(Dataset items)
[Start of Attachment]

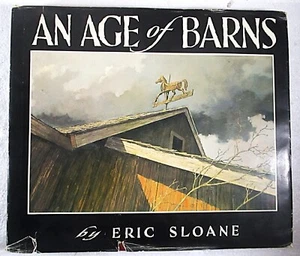 "AN AGE OF BARNS", HARDCOVER W/ARTIST DRAWING, DUST COVER, ERIC SLOANE - Picture 1 of 14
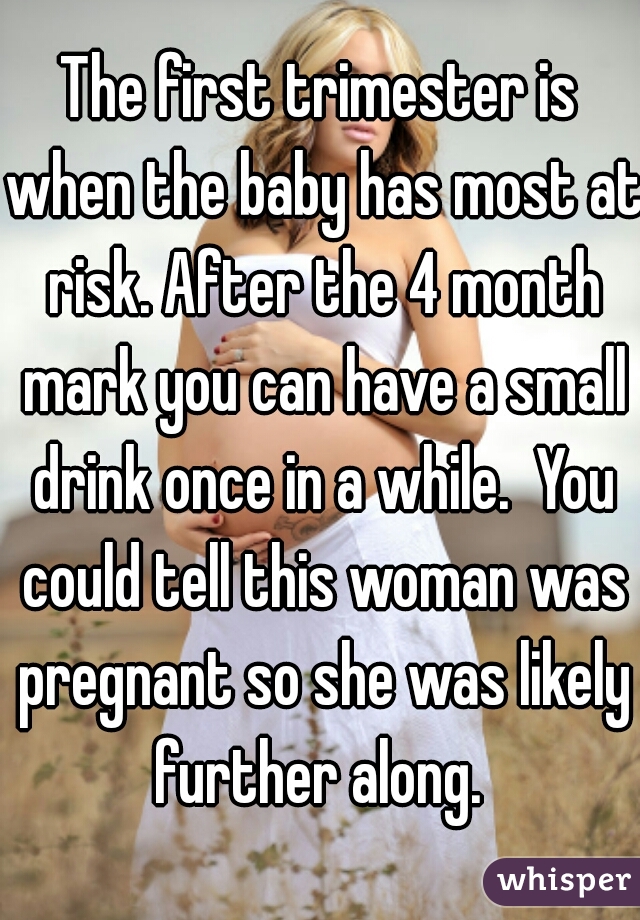 The first trimester is when the baby has most at risk. After the 4 month mark you can have a small drink once in a while.  You could tell this woman was pregnant so she was likely further along. 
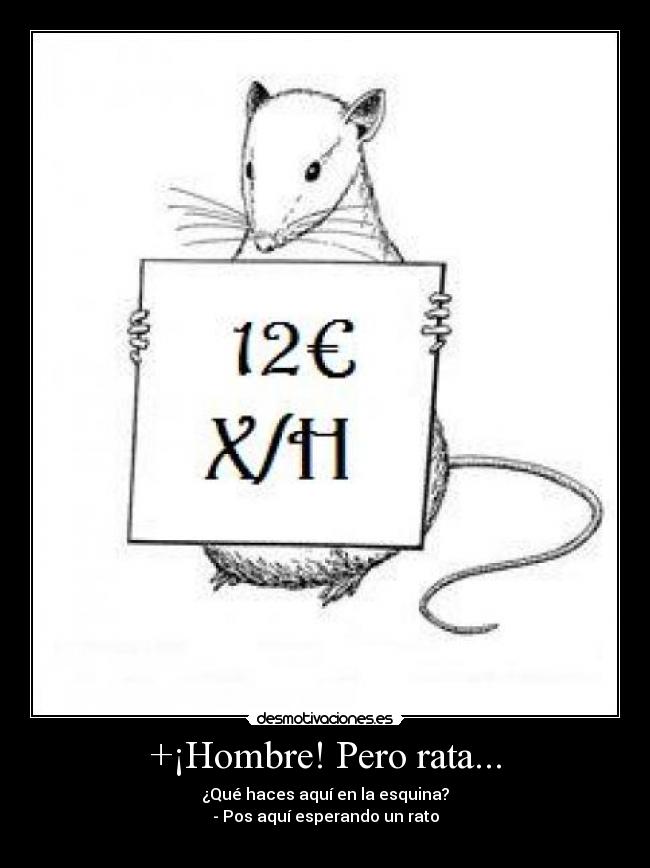 +¡Hombre! Pero rata... - 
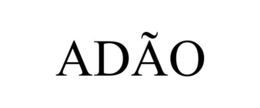 ADÃO trademark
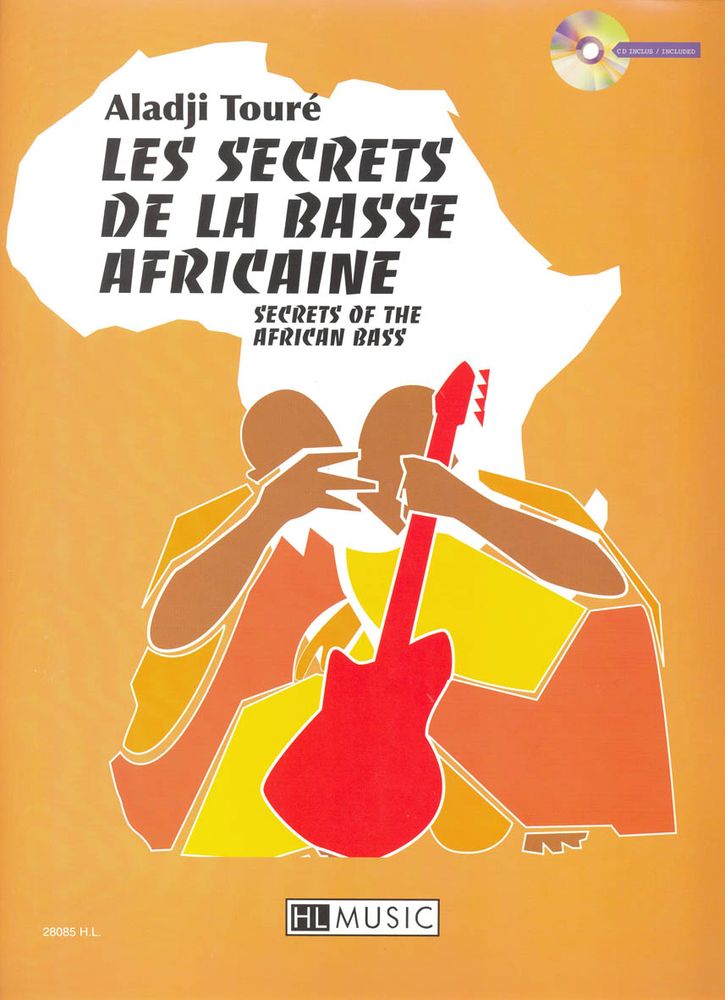 LEMOINE TOURE ALADJI - LES SECRETS DE LA BASSE AFRICAINE + CD - BASSE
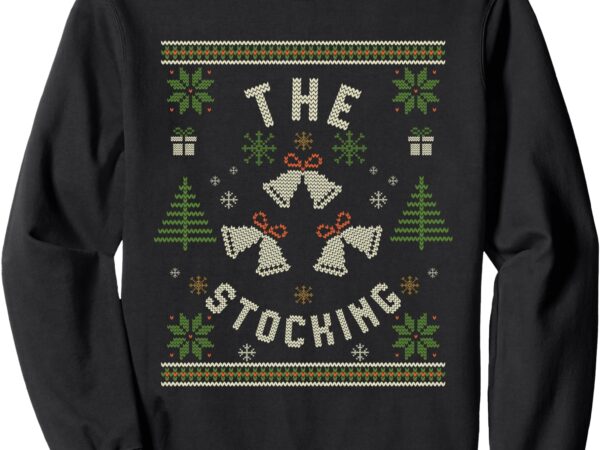 The stocking and stocking stuffer ugly christmas sweater sweatshirt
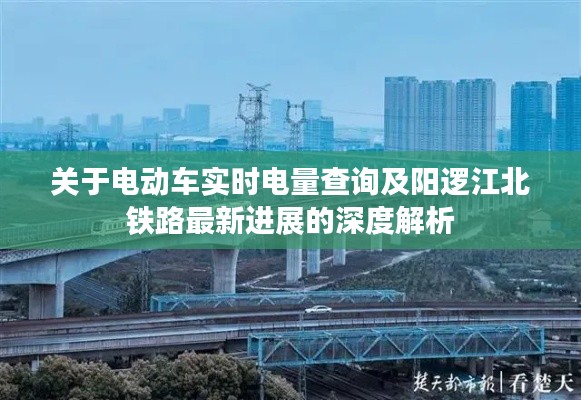 关于电动车实时电量查询及阳逻江北铁路最新进展的深度解析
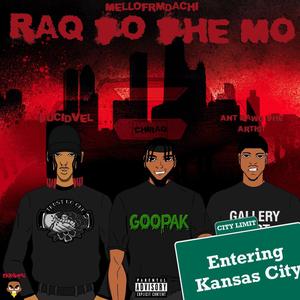 Raq To The Mo (feat. Lucid Vel & Ant Dawg) [Explicit]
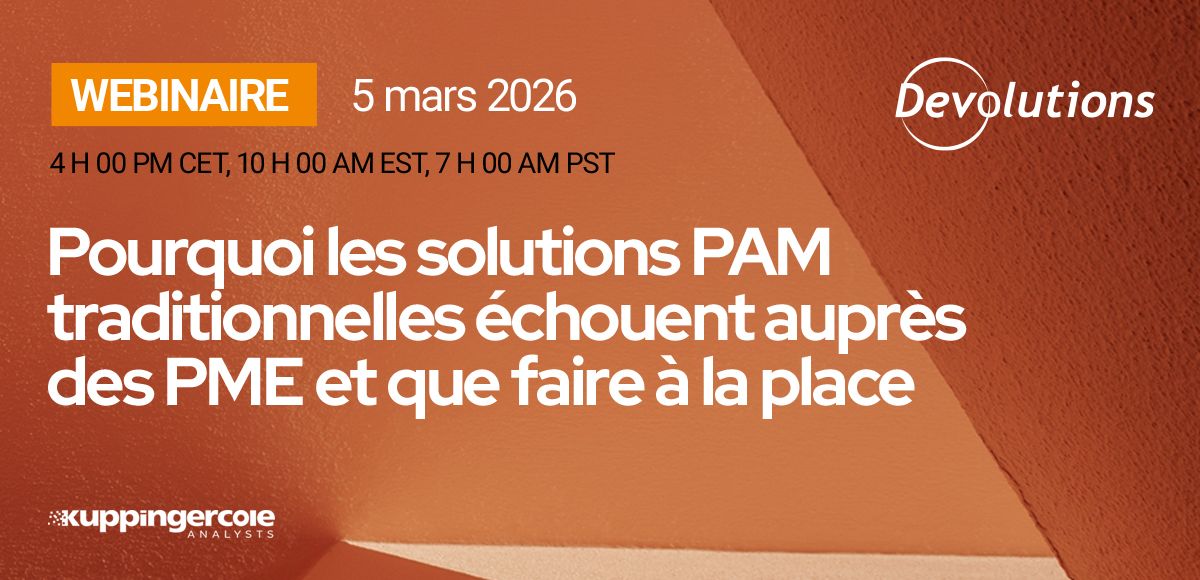 Webinaire kuppingercole devolutions pam blogue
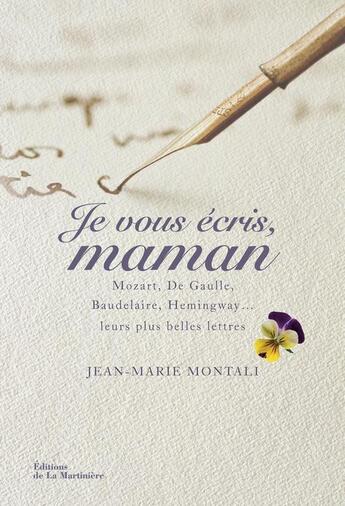 Couverture du livre « Je vous écris, maman : Mozart, de Gaulle, Baudelaire, Hemingway,... leurs plus belles lettres » de Jean-Marie Montali aux éditions La Martiniere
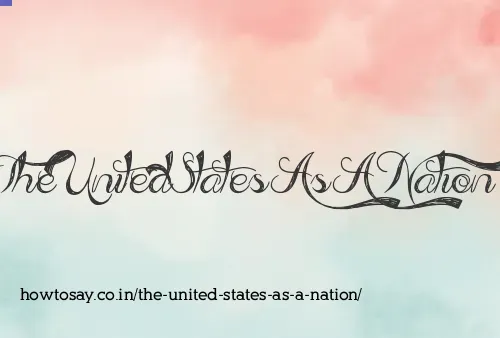 The United States As A Nation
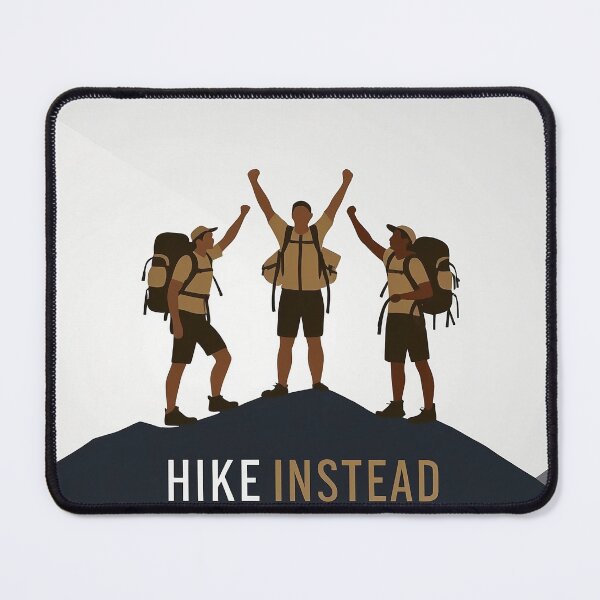 Item preview, Hike Instead designed and sold by Wilderness Algorithm.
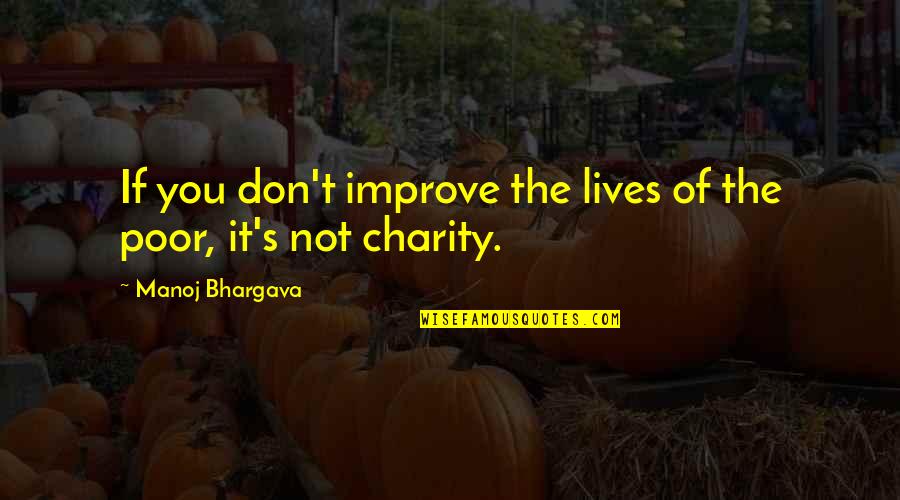 Iribe Monroy Quotes By Manoj Bhargava: If you don't improve the lives of the Iribe Monroy Quotes By Manoj Bhargava: If you don't improve the lives of the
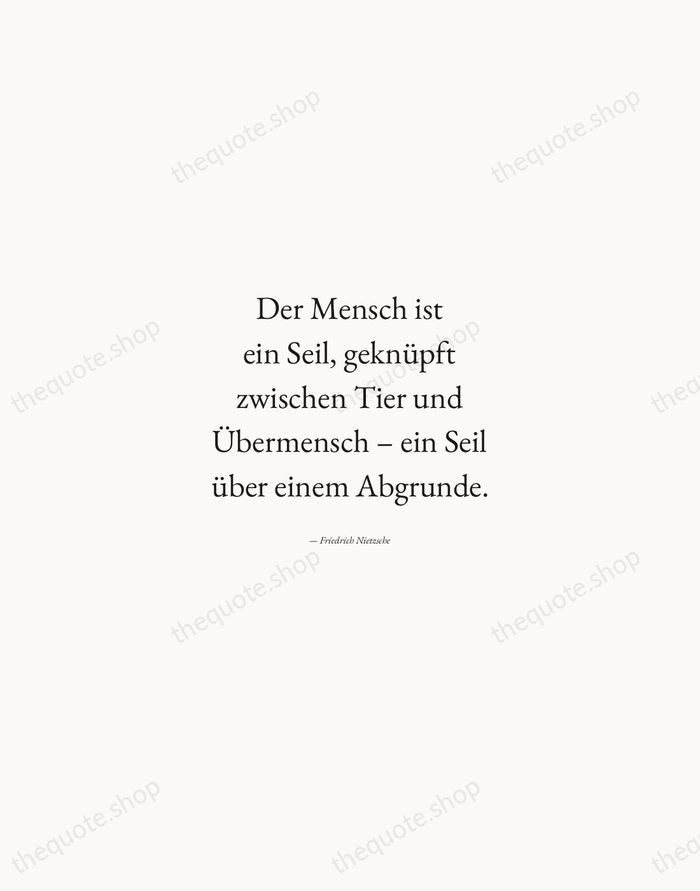 Der Mensch ist ein Seil, geknüpft zwischen Tier und Übermensch – ein… — Friedrich Nietzsche — Quiet Garamond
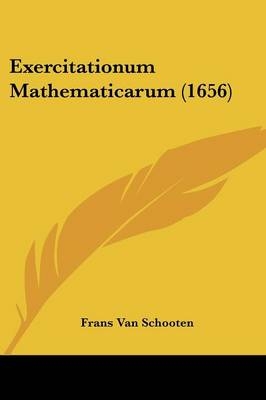 Exercitationum Mathematicarum (1656) - Frans Van Schooten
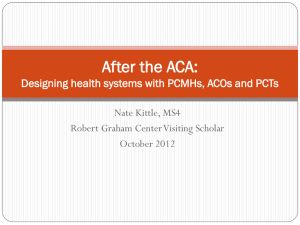 After the ACA: Designing health systems with PCMHs, ACOs and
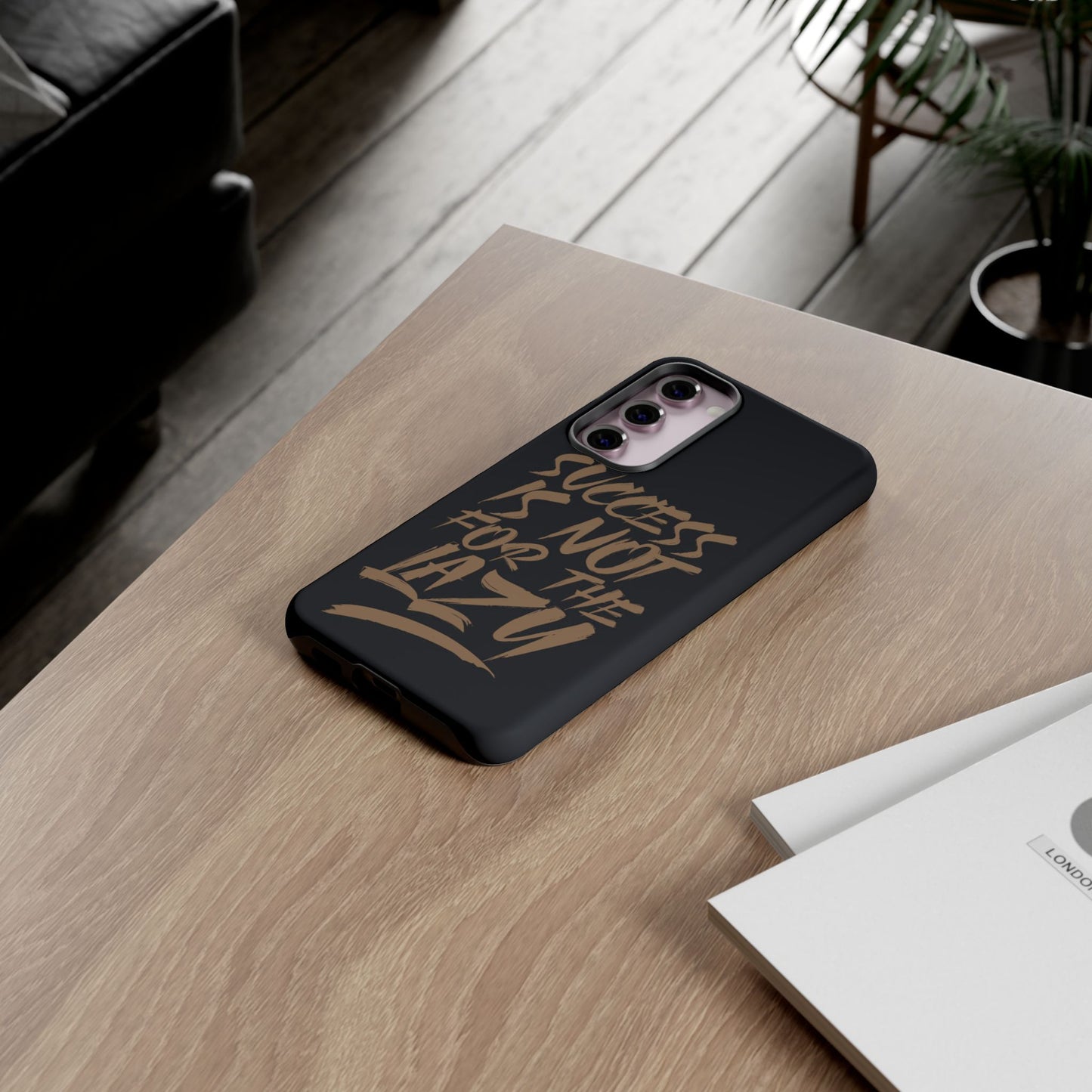 Motivational Phone Case - "Success Is Not For The Lazy" - Tough Cases
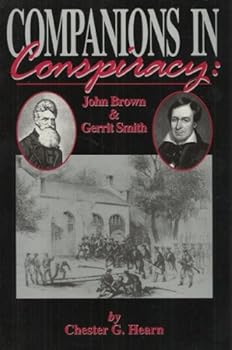 Paperback Companions in Conspiracy: John Brown and Gerrit Smith Book
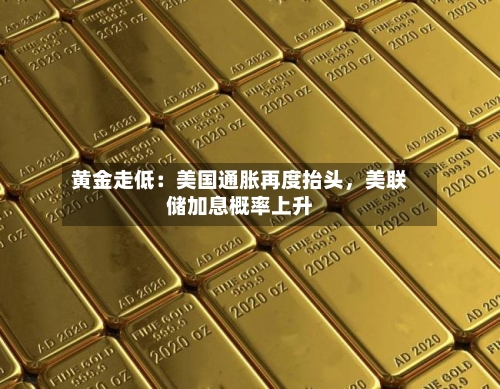 黄金走低：美国通胀再度抬头，美联储加息概率上升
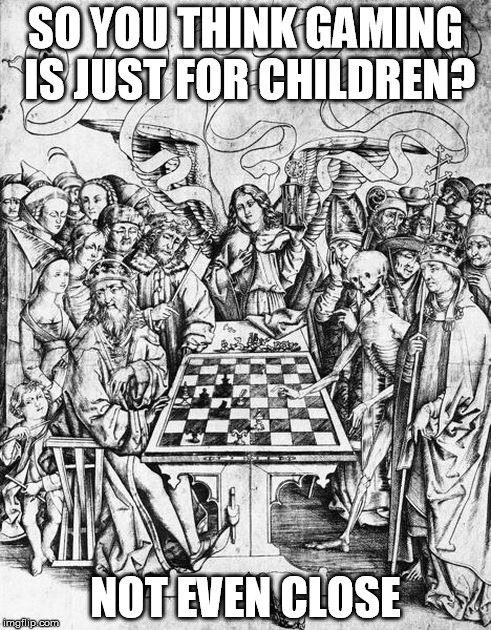 SO YOU THINK GAMING IS JUST FOR CHILDREN? NOT EVEN CLOSE | image tagged in albertus pictor,chess,death,gaming,gamergate,fully adult | made w/ Imgflip meme maker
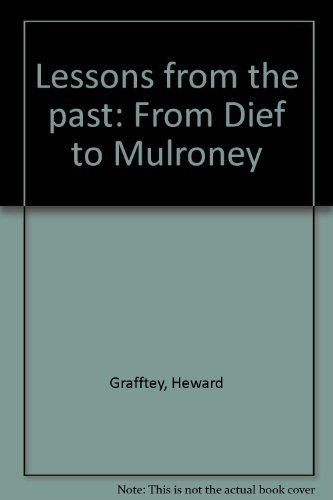 Stock image for Lessons from the past: From Dief to Mulroney for sale by Booked Experiences Bookstore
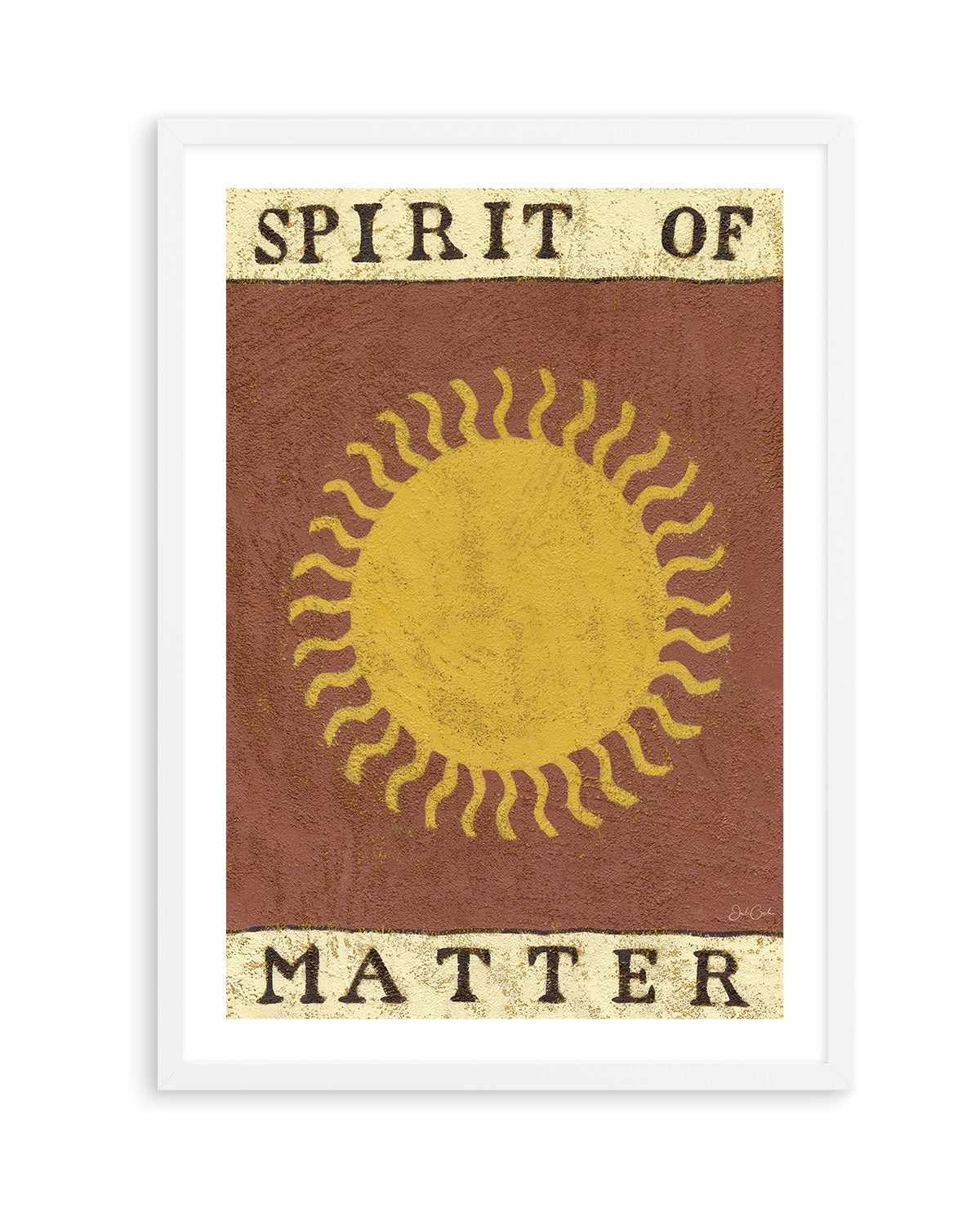 Spirit Of Matter by Julie Celina | Art Print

[End of Attachment]

(Directions for this task):
An exact copy of the data above is required, printed without its pictures.

(Task answer):
 "AN AGE OF BARNS", HARDCOVER W/ARTIST DRAWING, DUST COVER, ERIC SLOANE - Picture 1 of 14
 The first trimester is when the baby has most at risk. After the 4 month mark you can have a small drink once in a while.  You could tell this woman was pregnant so she was likely further along. 
 +¡Hombre! Pero rata... - 
 ADÃO trademark
 LEMOINE TOURE ALADJI - LES SECRETS DE LA BASSE AFRICAINE + CD - BASSE
 The stocking and stocking stuffer ugly christmas sweater sweatshirt
 关于电动车实时电量查询及阳逻江北铁路最新进展的深度解析
 Raq To The Mo (feat. Lucid Vel & Ant Dawg) [Explicit]
 Webinaire kuppingercole devolutions pam blogue
 Couverture du livre « Je vous écris, maman : Mozart, de Gaulle, Baudelaire, Hemingway,... leurs plus belles lettres » de Jean-Marie Montali aux éditions La Martiniere
 The United States As A Nation
 Item preview, Hike Instead designed and sold by Wilderness Algorithm.
 Iribe Monroy Quotes By Manoj Bhargava: If you don't improve the lives of the Iribe Monroy Quotes By Manoj Bhargava: If you don't improve the lives of the
 Der Mensch ist ein Seil, geknüpft zwischen Tier und Übermensch – ein… — Friedrich Nietzsche — Quiet Garamond
 Exercitationum Mathematicarum (1656) - Frans Van Schooten
 After the ACA: Designing health systems with PCMHs, ACOs and
 Motivational Phone Case - "Success Is Not For The Lazy" - Tough Cases
 Paperback Companions in Conspiracy: John Brown and Gerrit Smith Book
 黄金走低：美国通胀再度抬头，美联储加息概率上升
 SO YOU THINK GAMING IS JUST FOR CHILDREN? NOT EVEN CLOSE | image tagged in albertus pictor,chess,death,gaming,gamergate,fully adult | made w/ Imgflip meme maker
 Stock image for Lessons from the past: From Dief to Mulroney for sale by Booked Experiences Bookstore
 Spirit Of Matter by Julie Celina | Art Print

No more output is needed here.